Primary pigmented nodular adrenal disease (PPNAD) accounts for <1% of ACTH-independent Cushing syndrome. We describe the case of twin female patients with PPNAD who both had sustainable disease control after unilateral adrenalectomy, which corroborates current evidence in favor of unilateral adrenalectomy for a subset of patients with PPNAD. Patient A presented with a 10-kg weight gain over the past year and facial plethora. Diagnostic evaluation revealed abolition of normal cortisol rhythm with suppressed ACTH levels, normal adrenal CT and MRI imaging and a slightly left-predominant adrenal uptake on 131I iodomethyl norcholesterol scintigraphy coupled with single-photon emission CT/CT. PPNAD was confirmed after genetic testing revealed a known pathogenic PRKA1A mutation (c.709 (-7-2) del6). At that time, her twin sister (patient B) was asymptomatic. Patient A underwent successful unilateral adrenalectomy and histology confirmed PPNAD. Two years after initial onset of symptoms in patient A, patient B was seen for the same subtle symptoms of progressive weight gain. Diagnostic test results were identical, revealing the same clinical features and mutational status as patient A. Patient B also underwent unilateral adrenalectomy with a favorable outcome.

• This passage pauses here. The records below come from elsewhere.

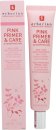 Erborian Pink Primer & Care Makeup 45ml
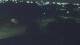 West Palm Beach, Florida 09.07.2025 05:50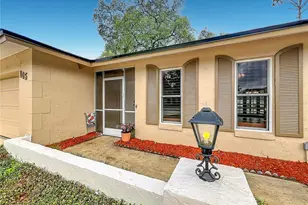 105 Cedar Oak Trail, Longwood, FL 32750 - Photo 81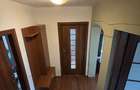 Apartament decomandat, parcare, zona JYSK Floresti - 6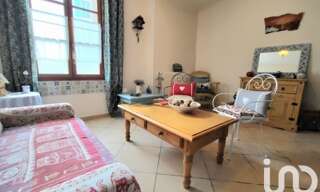 Maison 4 Pièces 95 m² à vendre à Cruzy (34310)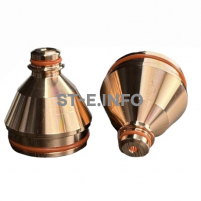 Сопло ST02419 д. 1.9 мм - st-e.info - Чита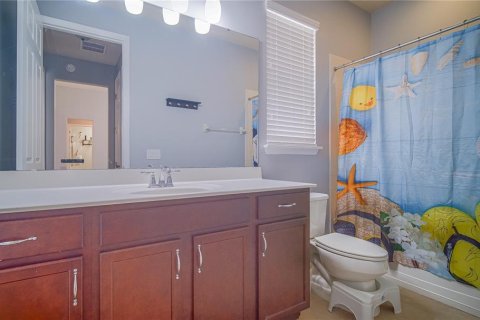 Casa en venta en Orlando, Florida, 5 dormitorios, 268.12 m2 № 1326286 - foto 19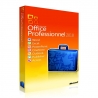 Office 2010 Professionnel 32/64 bits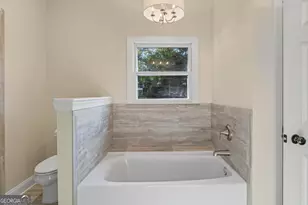 2381 Lee Pl, Villa Rica, GA 30180 - Photo 64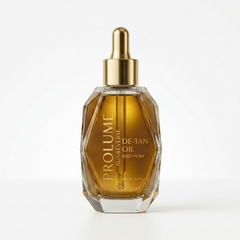 SunReverse De-Tan Oil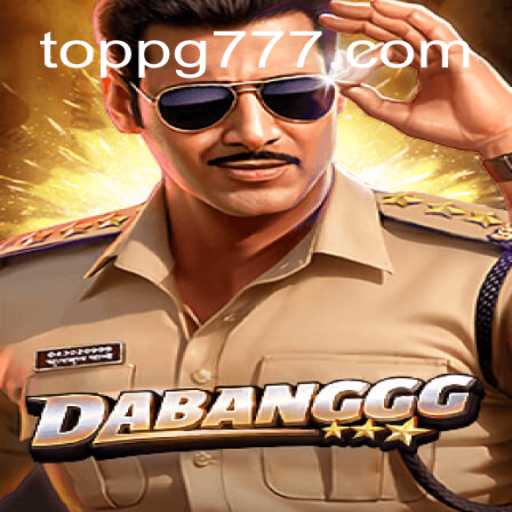 DABANGGG: O Novo Fenômeno dos Jogos Digitais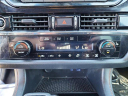 2023 Nissan Pathfinder Rock Creek at SuburbanChevrolet-USED of Claremore, OK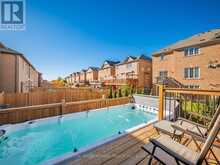 377 BUSATO DRIVE | Whitchurch-Stouffville Ontario | Slide Image Thirty-three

Follow-up 3 years after surgery for patient A and 18 months for patient B showed sustained disease control without recurrence and uncompromised quality of life, with no adrenal insufficiency having occurred. Unilateral adrenalectomy can be a successful therapeutic approach for patients with PPNAD with a mild phenotype without the risk and the inconvenience of subsequent adrenal insufficiency, which alters quality of life.


Primary pigmented nodular adrenal disease (PPNAD) is a rare disease accounting for <1% of ACTH-independent Cushing syndrome (CS). PPNAD is often diagnosed in late childhood or early adulthood. Typical histological findings include multiple cortical pigmented nodules <1 cm with normal or even reduced total adrenal volume that explains the lack of major alteration of the adrenal gland morphology on imaging. PPNAD can be either isolated or associated with Carney complex.[1] Germline defects of regulatory subunit 1A of the protein kinase A (PRKAR1A) gene are detected in >60% of patients with PPNAD and/or Carney complex.[2]

Unilateral adrenalectomy is very rarely performed for PPNAD.[3–7] We describe the case of monozygotic twins with CS due to PPNAD with longstanding symptoms remission of hypercortisolism after unilateral adrenalectomy. We also provide an updated literature review of PPNAD treatment options.